In the Fall of 2022, I had taken the CS528-NLP and as part of this course, we supposed to work on course projects. I will using this post to document my learning on Question Answering Systems.
As part of this project we try explore the diffrent benchmarks as part of SQuAD 2.0 dataset.
In following section, lets look into the details given about Question Answering systems from Speech and Language Processing book by Dan Jurafsky.
She uses sentence embeddings, to find similarity with context & question. She also explores stratergy, parse tree of a sentence is used for getting the answers. And also unsupervised stratergies mentioned.
Again uses attention vectors in LSTM & explores BiDAF model
Explains the 3 diffrent types of QA systems. She talks about 3 stratergies where - Compress all the information in the weight parameters. T5 model here - For very long context (databases of documents), here we find top-k documents.

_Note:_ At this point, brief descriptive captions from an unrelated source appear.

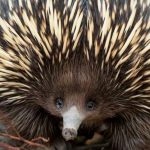 echidna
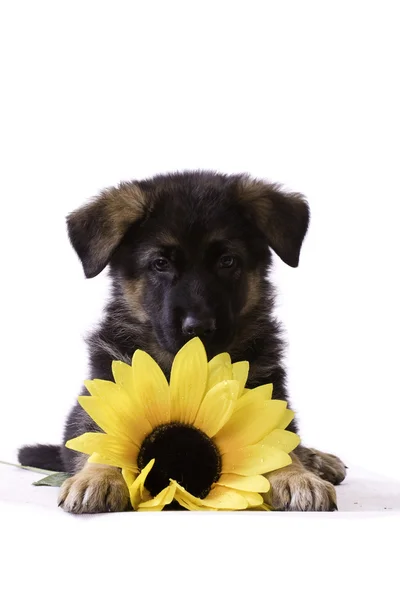 Puppy with sunflower — Stock Photo, Image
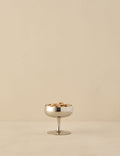 #color::stainless-steel #style::fruit-cup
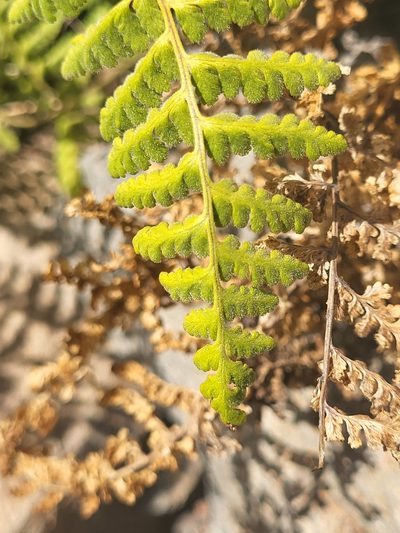 Hypodematium chrysolepis, photographed by Jacek Pietruszewski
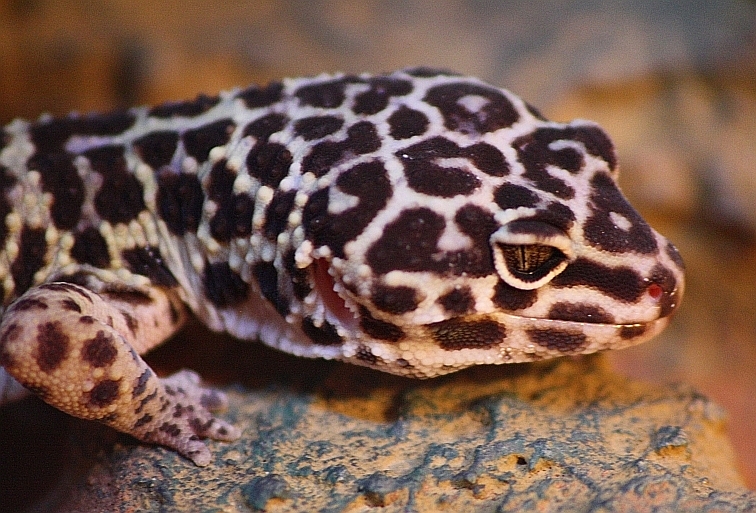 Leopardgecko (E. macularius)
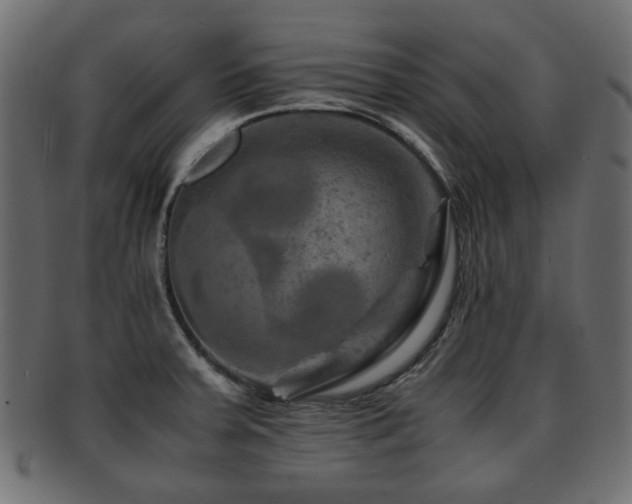 X0000093101379200709261222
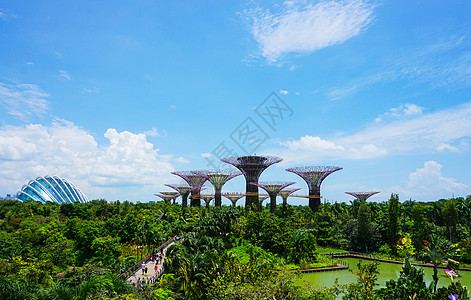 新加坡滨海湾公园背景图片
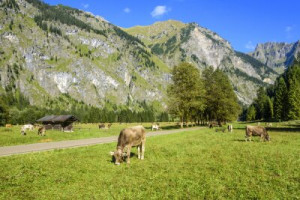 Fototapete Andere Natur, Tier, isoliert, lächelnd, Herde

Im yet to read this and it probably uses CNN.
Paper was introduced in 2016 inorder to solve tasks that query from long context words(Machine Comprehension or Question Answering) and uses attention mechanism to approach the problem.

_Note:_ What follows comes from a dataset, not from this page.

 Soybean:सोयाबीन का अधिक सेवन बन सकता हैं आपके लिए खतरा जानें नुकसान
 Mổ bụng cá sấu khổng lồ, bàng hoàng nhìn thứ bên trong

Important Highlights mentioned in Abstract section -
BIDAF includes character-level, word-level, and contextual embeddings, and uses bi-directional attention flow to obtain a query-aware context representation
Our experiments show that memory-less attention gives a clear advantage over dynamic attention
we use attention mechanisms in both directions, query-to-context and context-to-query, which provide complimentary information to each other.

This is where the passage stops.